Johannesburg: Narandran ‘Jody’ Kollapen, who is Indian origin, has been appointed to South Africa’s highest judicial bench, the Constitutional Court. President Cyril Ramaphosa on Friday announced the appointment of 64-year-old Kollapen and Rammaka Steven Mathopo as the latest additions to the Constitutional Court after a lengthy process of public interviews.
Kollapen and Mathopo were among the five candidates recommended to Ramaphosa in October this year for the two vacancies. Both will take office from January 1, 2022.
Kollapen was interviewed twice before for appointment to the Constitutional Court but was unsuccessful then despite having served two terms as an acting judge of the same institution. The Presidency said Kollapen and Mathopo have illustrious careers in the legal profession and the judiciary.
Kollapen, who has now been elevated from his position as a judge of the high court, started legal practice in 1982, focussing largely on public interest work. He joined Lawyers for Human Rights in 1993 and went on to become its national director in 1995, serving in that position until the end of 1996. In 1997, he took up a post as commissioner of the South African Human Rights Commission and went on to serve as chair of the commission for seven years from 2002 until 2009. He was appointed as chair of the South African Law Reform Commission in April, 2016.

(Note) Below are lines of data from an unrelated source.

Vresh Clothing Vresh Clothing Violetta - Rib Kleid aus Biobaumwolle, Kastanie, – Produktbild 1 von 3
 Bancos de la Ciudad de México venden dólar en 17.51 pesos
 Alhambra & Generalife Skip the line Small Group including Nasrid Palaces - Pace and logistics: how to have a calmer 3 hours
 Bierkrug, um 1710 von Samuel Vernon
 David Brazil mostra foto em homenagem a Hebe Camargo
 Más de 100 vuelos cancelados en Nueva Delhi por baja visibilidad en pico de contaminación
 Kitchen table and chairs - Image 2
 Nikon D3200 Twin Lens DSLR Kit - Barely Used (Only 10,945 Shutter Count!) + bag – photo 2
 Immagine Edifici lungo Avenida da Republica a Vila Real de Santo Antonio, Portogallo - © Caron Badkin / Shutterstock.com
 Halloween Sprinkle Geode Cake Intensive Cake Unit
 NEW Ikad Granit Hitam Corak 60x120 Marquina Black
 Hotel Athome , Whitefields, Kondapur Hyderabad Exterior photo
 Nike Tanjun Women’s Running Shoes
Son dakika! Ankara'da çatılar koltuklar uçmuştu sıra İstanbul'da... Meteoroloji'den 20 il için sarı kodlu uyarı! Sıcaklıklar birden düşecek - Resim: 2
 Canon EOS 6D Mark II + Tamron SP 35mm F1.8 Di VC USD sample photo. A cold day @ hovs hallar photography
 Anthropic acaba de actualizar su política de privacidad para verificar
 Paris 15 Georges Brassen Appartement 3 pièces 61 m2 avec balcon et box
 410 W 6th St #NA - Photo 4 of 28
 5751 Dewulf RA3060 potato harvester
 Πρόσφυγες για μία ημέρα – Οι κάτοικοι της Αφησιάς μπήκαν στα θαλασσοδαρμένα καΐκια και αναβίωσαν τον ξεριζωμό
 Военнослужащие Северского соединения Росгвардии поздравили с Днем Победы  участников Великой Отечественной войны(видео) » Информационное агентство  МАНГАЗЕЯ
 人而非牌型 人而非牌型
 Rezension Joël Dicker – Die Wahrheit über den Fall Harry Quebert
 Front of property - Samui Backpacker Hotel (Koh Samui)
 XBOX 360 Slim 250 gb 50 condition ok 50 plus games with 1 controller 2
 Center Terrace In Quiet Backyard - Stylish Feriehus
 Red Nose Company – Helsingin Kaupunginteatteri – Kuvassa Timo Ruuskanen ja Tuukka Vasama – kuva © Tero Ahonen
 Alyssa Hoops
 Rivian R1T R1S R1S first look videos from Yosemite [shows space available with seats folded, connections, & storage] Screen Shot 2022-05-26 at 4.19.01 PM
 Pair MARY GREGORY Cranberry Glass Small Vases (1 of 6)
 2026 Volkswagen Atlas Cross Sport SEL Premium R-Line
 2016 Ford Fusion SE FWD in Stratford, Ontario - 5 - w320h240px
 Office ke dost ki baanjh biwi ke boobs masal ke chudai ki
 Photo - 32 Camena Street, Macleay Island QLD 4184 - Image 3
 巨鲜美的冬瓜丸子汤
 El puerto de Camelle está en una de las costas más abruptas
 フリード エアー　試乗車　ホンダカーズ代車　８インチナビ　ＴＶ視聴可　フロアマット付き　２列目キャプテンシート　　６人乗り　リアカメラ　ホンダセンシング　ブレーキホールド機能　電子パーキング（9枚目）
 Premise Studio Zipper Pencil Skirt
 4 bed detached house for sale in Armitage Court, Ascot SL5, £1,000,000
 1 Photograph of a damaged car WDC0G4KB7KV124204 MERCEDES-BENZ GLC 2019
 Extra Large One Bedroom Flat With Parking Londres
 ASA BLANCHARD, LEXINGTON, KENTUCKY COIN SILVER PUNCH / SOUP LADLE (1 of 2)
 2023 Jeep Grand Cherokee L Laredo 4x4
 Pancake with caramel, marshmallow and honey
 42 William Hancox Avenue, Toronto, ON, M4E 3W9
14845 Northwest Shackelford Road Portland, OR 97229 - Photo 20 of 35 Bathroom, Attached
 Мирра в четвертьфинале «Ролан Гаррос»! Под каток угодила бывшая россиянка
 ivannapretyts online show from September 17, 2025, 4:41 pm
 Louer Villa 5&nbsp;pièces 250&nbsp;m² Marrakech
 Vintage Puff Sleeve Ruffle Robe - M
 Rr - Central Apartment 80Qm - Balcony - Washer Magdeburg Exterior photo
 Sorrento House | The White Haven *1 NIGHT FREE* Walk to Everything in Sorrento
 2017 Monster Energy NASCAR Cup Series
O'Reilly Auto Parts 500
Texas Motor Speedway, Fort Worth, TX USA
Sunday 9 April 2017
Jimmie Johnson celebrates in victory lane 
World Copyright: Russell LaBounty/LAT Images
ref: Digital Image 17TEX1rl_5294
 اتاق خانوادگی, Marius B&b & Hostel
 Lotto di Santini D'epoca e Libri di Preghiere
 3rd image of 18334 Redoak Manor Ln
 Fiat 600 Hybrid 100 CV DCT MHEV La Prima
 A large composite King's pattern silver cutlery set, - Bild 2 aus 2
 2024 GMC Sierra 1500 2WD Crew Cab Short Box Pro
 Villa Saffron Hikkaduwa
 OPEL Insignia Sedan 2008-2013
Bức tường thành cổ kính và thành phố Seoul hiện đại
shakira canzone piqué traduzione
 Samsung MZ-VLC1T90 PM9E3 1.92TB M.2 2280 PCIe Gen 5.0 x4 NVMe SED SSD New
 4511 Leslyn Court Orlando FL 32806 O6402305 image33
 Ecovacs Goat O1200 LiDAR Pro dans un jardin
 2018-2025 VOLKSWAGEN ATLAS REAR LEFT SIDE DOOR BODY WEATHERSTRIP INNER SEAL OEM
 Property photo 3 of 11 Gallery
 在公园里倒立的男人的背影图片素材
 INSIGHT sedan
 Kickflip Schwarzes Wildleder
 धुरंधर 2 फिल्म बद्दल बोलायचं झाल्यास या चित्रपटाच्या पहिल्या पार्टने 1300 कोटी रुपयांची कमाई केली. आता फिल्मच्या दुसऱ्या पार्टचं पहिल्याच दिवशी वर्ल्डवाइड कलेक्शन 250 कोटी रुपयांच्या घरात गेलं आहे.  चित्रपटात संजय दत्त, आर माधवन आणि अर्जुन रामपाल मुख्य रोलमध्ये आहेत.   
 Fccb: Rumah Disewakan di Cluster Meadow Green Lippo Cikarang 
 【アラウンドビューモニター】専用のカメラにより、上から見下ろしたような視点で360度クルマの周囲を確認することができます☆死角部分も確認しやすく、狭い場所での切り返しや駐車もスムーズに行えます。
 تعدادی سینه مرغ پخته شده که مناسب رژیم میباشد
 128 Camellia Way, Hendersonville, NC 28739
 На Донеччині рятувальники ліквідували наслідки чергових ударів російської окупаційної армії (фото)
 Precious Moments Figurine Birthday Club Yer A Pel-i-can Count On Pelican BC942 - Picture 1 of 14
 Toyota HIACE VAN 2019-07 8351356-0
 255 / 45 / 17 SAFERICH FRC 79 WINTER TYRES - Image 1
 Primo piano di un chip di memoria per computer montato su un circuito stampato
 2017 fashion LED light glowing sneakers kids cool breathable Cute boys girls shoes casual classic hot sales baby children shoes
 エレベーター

Kollapen serves on the structures of numerous NGOs and community-based organisations, including the Legal Resources Centre, the Foundation for Human Rights and Laudium Care Services for the Aged. He has also been invited to speak on human rights issues across the world, including at the United Nations and Harvard University.
He was awarded an honorary doctorate by the Durban University of Technology; the Turquoise Harmony Institute’s award for his contribution to society in the area of law and human rights; and a Lifetime Achievement Award by the Congress of Business and Economics, which was born out of the erstwhile Transvaal Indian Congress from the days when Mahatma Gandhi was in South Africa. In 2010, while in the position of acting Constitutional Court judge, Kollapen made a strong statement about cultural and national identity as the keynote speaker at the 50th anniversary celebrations of the religious organisation Siva Gnana Sabhay in Lenasia.
Kollapen said there was no need to shy away from the unique Indian identity, culture and religion brought to South Africa by the first indentured labourers 150 years earlier, but that South Africans of Indian-origin should use this to help build the rainbow nation as citizens of the country. Kollapen’s mother was among the women in the historic protest march to the Union Buildings in Pretoria, the seat of the apartheid-era government, in 1956 to protest discriminatory laws. She was arrested and jailed twice for her participation in passive resistance protests.
Kollapen often recalled how his mother had told him that she was pregnant with him at the time.